* [Requirement]
Go through the listing below and output exactly the line with "带红斑的星球与恒星和星云相对", the line with "Box Coquet Limoges Biscuit and porcelain", and each line between; omit the rest.
*** Opening Records provided ***
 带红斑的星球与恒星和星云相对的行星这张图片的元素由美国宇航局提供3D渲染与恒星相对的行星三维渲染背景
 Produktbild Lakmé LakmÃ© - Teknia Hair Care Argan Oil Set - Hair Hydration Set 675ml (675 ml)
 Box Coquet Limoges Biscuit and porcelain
*** Closing Records provided ***
*** Opening Records provided ***
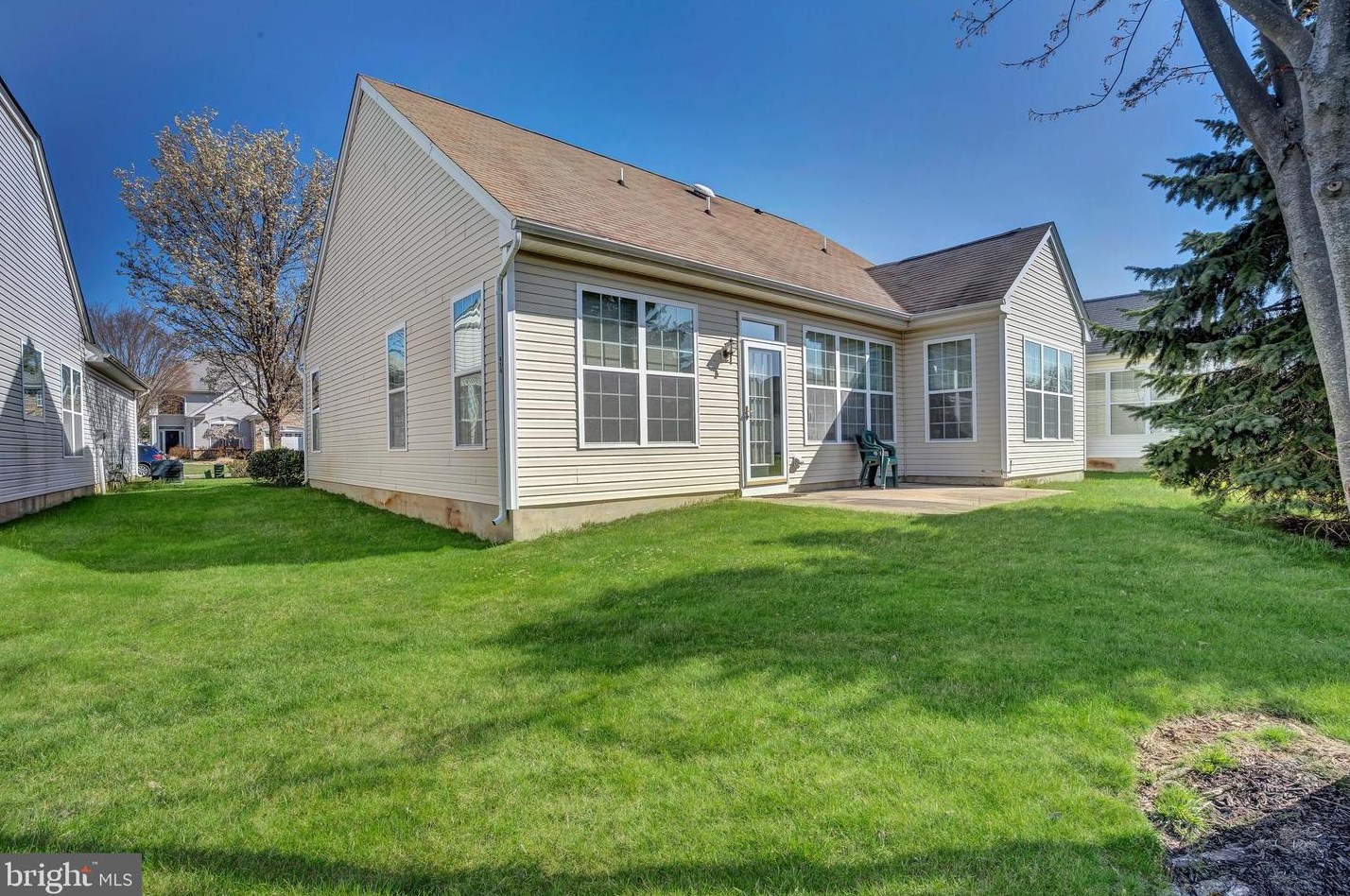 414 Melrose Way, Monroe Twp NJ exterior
*** Closing Records provided ***
*** Opening Records provided ***
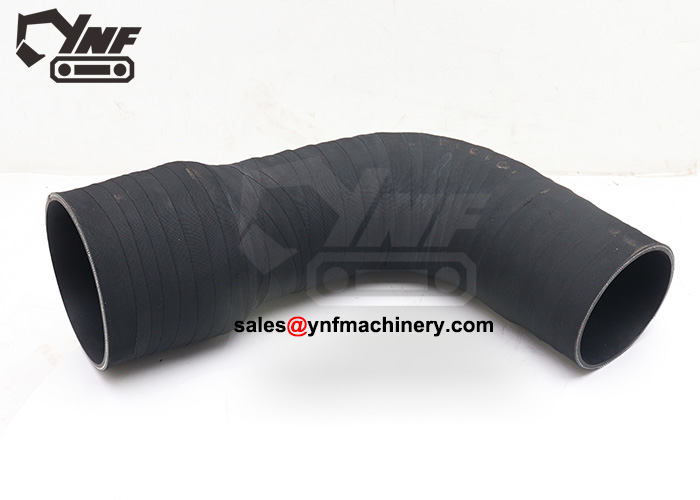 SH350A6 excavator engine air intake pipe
*** Closing Records provided ***
* [Exercise answer]
 带红斑的星球与恒星和星云相对的行星这张图片的元素由美国宇航局提供3D渲染与恒星相对的行星三维渲染背景
 Produktbild Lakmé LakmÃ© - Teknia Hair Care Argan Oil Set - Hair Hydration Set 675ml (675 ml)
 Box Coquet Limoges Biscuit and porcelain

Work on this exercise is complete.